You are viewing a plain text version of this content. The canonical link for it is here.
Posted to commits@spark.apache.org by gu...@apache.org on 2018/05/06 02:25:17 UTC
spark git commit: [SPARK-24185][SPARKR][SQL] add flatten function to
SparkR
Repository: spark
Updated Branches:
refs/heads/master 47b5b6852 -> dd4b1b9c7
[SPARK-24185][SPARKR][SQL] add flatten function to SparkR
## What changes were proposed in this pull request?
add array flatten function to SparkR
## How was this patch tested?
Unit tests were added in R/pkg/tests/fulltests/test_sparkSQL.R
Author: Huaxin Gao <hu...@us.ibm.com>
Closes #21244 from huaxingao/spark-24185.

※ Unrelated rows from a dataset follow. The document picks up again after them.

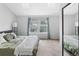 Bright bedroom with two skylights, a large bed, soft carpet, and ample closet space at 9632 W Chatfield Ave # C, Littleton, CO 80128
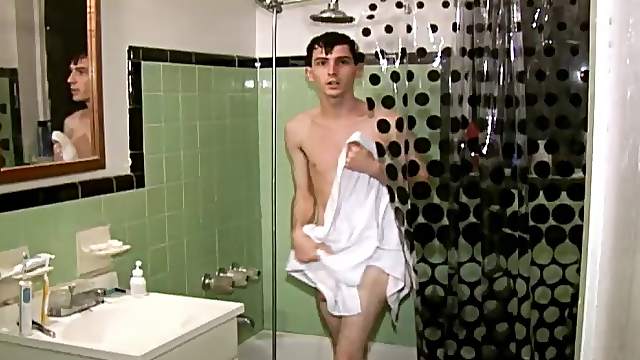 Skinny gay guy with short dark hair playing with his massive cock on his sofa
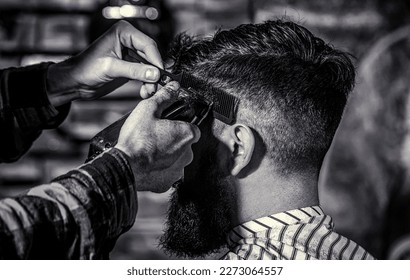 Haircut concept. Man visiting hairstylist in barbershop. Barber works with hair clipper. Hipster client getting haircut. Black and white - Powered by Shutterstock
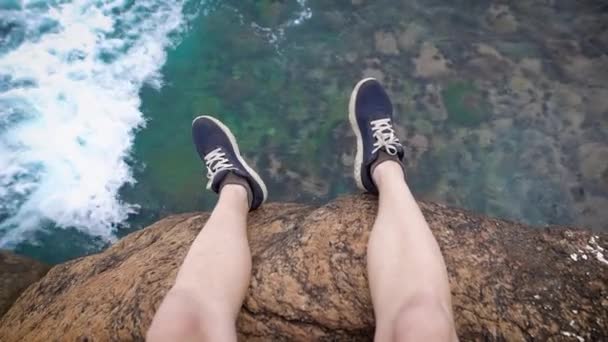 Benen van de mens opgestart in donker blauwe sneakers zijn opknoping van de rand van de klif over krachtige golven hieronder — Stockvideo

Project: http://git-wip-us.apache.org/repos/asf/spark/repo
Commit: http://git-wip-us.apache.org/repos/asf/spark/commit/dd4b1b9c
Tree: http://git-wip-us.apache.org/repos/asf/spark/tree/dd4b1b9c
Diff: http://git-wip-us.apache.org/repos/asf/spark/diff/dd4b1b9c
Branch: refs/heads/master
Commit: dd4b1b9c7ccad3363a6a21524aed047fcd282f68
Parents: 47b5b68
Author: Huaxin Gao <hu...@us.ibm.com>
Authored: Sun May 6 10:25:01 2018 +0800
Committer: hyukjinkwon <gu...@apache.org>
Committed: Sun May 6 10:25:01 2018 +0800
----------------------------------------------------------------------
R/pkg/NAMESPACE | 1 +
R/pkg/R/functions.R | 14 ++++++++++++++
R/pkg/R/generics.R | 4 ++++
R/pkg/tests/fulltests/test_sparkSQL.R | 6 ++++++
4 files changed, 25 insertions(+)
----------------------------------------------------------------------
http://git-wip-us.apache.org/repos/asf/spark/blob/dd4b1b9c/R/pkg/NAMESPACE
----------------------------------------------------------------------
diff --git a/R/pkg/NAMESPACE b/R/pkg/NAMESPACE
index f36d462..8cd0035 100644
--- a/R/pkg/NAMESPACE
+++ b/R/pkg/NAMESPACE
@@ -258,6 +258,7 @@ exportMethods("%<=>%",
"expr",
"factorial",
"first",
+ "flatten",
"floor",
"format_number",
"format_string",
http://git-wip-us.apache.org/repos/asf/spark/blob/dd4b1b9c/R/pkg/R/functions.R
----------------------------------------------------------------------
diff --git a/R/pkg/R/functions.R b/R/pkg/R/functions.R
index ec4bd4e..0ec99d1 100644
--- a/R/pkg/R/functions.R
+++ b/R/pkg/R/functions.R
@@ -208,6 +208,7 @@ NULL
#' head(select(tmp, array_contains(tmp$v1, 21), size(tmp$v1)))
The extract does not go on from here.